The curatorial project and team were selected by a Steering Committee to bring this vision to life with creativity, ambition and a deep commitment to community engagement. The triennial team works in dialogue with the Steering Committee, which includes leadership from the Buffalo AKG Art Museum, the Burchfield Penney Art Center, the Corning Museum of Glass, Memorial Art Gallery, and the University at Buffalo.
“At the New York Power Authority, we are proud to invest in initiatives like the Medina Triennial that aim to revitalize the power of our waterways and infrastructure as catalysts for creativity, economic growth, and community vitality,” said New York Power Authority President and CEO Justin E. Driscoll. “We are committed to launching this first edition and are confident it will set the foundation for an arts initiative that will remain relevant, compelling and transformative for generations to come.”

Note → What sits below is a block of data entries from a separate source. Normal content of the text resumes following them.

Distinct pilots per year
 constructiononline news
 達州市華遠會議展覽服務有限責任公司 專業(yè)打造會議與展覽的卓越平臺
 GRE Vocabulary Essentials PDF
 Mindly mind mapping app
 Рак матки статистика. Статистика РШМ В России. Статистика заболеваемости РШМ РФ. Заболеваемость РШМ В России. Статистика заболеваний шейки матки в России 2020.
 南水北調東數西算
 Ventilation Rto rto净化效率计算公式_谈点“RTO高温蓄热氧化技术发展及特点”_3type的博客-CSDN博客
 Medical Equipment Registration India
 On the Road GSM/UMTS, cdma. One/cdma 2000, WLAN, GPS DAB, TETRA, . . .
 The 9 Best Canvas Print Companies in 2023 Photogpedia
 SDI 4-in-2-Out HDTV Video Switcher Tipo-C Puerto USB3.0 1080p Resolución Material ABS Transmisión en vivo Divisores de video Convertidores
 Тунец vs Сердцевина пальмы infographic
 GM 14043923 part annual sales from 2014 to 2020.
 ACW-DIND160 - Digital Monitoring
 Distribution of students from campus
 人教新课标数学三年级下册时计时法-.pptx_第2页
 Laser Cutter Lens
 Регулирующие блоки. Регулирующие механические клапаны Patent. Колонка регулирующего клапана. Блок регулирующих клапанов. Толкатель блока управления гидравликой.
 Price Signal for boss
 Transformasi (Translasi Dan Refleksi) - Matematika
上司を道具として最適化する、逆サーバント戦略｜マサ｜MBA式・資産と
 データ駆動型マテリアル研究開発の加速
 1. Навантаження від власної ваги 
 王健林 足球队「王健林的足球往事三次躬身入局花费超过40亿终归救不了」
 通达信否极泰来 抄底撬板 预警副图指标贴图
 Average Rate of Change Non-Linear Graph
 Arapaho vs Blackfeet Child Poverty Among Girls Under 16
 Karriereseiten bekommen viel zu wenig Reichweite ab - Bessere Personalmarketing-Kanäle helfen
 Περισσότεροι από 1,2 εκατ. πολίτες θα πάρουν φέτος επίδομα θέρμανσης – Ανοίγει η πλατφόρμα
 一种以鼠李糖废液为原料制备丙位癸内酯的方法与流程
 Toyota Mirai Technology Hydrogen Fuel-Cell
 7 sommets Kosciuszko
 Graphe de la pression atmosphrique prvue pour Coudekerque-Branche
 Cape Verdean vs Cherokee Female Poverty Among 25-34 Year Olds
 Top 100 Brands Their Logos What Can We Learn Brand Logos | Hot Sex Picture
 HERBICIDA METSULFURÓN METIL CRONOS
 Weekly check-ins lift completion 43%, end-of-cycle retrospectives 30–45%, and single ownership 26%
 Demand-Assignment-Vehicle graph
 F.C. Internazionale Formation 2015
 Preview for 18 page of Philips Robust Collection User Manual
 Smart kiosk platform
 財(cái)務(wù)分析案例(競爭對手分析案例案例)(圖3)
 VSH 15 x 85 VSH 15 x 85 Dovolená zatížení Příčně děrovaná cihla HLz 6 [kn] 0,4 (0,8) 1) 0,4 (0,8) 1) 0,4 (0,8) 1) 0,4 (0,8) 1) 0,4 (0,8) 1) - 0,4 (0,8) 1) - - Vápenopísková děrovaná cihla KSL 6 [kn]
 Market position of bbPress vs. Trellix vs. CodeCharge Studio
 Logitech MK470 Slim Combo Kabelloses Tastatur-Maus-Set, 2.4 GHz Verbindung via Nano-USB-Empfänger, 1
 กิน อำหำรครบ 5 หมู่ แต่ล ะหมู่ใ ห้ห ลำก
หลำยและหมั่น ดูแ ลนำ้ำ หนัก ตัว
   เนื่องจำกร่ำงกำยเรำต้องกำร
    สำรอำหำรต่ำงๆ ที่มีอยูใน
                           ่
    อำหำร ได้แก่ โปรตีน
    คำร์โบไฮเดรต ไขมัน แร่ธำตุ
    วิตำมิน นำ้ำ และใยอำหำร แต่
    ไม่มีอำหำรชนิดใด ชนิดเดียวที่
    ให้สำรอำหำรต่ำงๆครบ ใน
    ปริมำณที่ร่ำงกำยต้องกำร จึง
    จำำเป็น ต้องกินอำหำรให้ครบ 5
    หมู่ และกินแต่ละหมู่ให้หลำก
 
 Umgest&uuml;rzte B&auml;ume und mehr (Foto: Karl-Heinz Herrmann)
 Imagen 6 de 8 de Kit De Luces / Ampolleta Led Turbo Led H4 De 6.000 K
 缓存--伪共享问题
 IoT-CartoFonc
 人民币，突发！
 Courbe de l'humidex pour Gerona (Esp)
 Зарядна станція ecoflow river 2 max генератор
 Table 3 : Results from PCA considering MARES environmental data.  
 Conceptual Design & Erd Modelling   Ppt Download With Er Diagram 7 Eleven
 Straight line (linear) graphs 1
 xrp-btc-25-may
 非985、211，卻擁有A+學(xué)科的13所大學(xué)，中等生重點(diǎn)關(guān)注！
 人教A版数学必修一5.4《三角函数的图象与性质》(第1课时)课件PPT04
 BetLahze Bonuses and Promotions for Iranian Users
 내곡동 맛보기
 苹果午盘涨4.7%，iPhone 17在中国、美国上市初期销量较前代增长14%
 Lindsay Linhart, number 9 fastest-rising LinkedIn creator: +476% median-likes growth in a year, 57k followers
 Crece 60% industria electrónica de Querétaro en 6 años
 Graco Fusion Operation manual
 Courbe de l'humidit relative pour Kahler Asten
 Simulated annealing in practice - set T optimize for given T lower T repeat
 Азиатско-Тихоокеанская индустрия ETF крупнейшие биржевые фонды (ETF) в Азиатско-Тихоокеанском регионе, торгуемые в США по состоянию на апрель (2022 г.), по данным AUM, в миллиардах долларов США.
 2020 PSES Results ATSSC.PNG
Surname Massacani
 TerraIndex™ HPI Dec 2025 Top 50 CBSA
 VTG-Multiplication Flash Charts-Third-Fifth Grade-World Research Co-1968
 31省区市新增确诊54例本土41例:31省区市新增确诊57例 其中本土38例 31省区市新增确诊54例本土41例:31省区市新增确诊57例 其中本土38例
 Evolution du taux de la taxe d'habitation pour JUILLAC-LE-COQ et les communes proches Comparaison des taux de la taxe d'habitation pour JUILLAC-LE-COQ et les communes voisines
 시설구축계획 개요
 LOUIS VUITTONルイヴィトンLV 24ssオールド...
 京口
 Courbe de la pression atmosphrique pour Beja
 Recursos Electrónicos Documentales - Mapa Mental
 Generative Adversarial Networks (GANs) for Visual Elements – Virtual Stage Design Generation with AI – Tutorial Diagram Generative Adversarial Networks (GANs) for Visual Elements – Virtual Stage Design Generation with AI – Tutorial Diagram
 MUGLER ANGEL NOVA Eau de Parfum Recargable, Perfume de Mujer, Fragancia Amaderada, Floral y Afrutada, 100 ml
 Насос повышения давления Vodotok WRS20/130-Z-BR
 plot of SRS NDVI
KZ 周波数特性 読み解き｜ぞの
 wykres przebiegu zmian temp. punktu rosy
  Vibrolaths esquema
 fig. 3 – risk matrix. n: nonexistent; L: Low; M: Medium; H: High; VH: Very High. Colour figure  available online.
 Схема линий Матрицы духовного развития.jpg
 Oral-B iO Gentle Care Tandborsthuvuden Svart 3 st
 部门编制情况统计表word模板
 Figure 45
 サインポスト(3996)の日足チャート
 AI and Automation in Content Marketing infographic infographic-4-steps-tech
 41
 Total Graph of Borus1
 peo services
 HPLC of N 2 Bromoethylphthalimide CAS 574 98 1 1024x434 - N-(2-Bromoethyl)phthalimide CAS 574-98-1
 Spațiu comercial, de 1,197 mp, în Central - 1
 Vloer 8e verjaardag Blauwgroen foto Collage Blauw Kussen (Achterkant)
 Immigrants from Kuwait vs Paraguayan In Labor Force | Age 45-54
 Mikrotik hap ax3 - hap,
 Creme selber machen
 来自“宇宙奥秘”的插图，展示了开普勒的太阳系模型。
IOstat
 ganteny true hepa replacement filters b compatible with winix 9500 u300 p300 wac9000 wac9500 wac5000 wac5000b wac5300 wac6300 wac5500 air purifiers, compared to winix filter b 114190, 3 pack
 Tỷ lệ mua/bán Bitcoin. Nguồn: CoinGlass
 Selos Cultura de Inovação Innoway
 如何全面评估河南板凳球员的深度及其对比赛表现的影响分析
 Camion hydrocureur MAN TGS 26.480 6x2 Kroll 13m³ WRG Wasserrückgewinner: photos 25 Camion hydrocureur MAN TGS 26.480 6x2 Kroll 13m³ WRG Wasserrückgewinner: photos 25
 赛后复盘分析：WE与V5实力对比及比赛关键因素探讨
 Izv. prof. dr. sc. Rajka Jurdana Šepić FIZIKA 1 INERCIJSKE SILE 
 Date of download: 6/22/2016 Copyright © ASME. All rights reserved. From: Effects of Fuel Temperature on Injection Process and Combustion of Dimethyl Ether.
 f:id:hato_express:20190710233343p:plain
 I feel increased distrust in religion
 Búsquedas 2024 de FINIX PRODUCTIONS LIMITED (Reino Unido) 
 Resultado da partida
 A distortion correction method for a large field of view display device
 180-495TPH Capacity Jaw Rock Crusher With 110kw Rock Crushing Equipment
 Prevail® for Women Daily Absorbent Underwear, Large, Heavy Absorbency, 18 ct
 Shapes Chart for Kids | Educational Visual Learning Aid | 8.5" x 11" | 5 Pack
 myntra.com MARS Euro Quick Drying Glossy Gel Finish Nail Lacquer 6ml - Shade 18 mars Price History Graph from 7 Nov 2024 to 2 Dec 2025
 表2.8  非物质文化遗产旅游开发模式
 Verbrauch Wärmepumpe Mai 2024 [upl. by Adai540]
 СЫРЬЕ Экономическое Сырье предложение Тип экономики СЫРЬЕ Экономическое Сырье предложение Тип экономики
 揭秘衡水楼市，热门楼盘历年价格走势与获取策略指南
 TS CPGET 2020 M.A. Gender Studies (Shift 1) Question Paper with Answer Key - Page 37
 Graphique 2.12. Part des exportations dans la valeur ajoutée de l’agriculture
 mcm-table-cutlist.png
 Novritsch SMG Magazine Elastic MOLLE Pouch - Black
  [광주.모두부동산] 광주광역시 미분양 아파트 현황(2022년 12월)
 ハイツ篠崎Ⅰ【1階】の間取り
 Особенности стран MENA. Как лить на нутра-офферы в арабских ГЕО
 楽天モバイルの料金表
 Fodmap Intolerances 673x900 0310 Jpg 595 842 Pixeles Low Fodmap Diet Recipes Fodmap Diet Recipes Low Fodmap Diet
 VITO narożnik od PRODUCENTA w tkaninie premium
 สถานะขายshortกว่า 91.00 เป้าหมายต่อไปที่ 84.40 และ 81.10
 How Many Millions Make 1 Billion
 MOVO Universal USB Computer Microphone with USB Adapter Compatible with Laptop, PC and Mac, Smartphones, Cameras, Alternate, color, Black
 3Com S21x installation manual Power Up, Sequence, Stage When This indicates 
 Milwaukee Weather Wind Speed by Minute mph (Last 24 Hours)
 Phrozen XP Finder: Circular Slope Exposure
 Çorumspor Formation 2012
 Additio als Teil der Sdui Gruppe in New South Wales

“As we commemorate the Erie Canal Bicentennial this year, our team has been deeply engaged in strategizing new ways to invest in more canal-side communities,” said New York State Canal Corporation Director Brian U. Stratton. “The Medina Triennial project represents an extraordinary opportunity for cultural enrichment, and we are proud to support the creative vision of the curatorial team in their vision at this transformative moment.”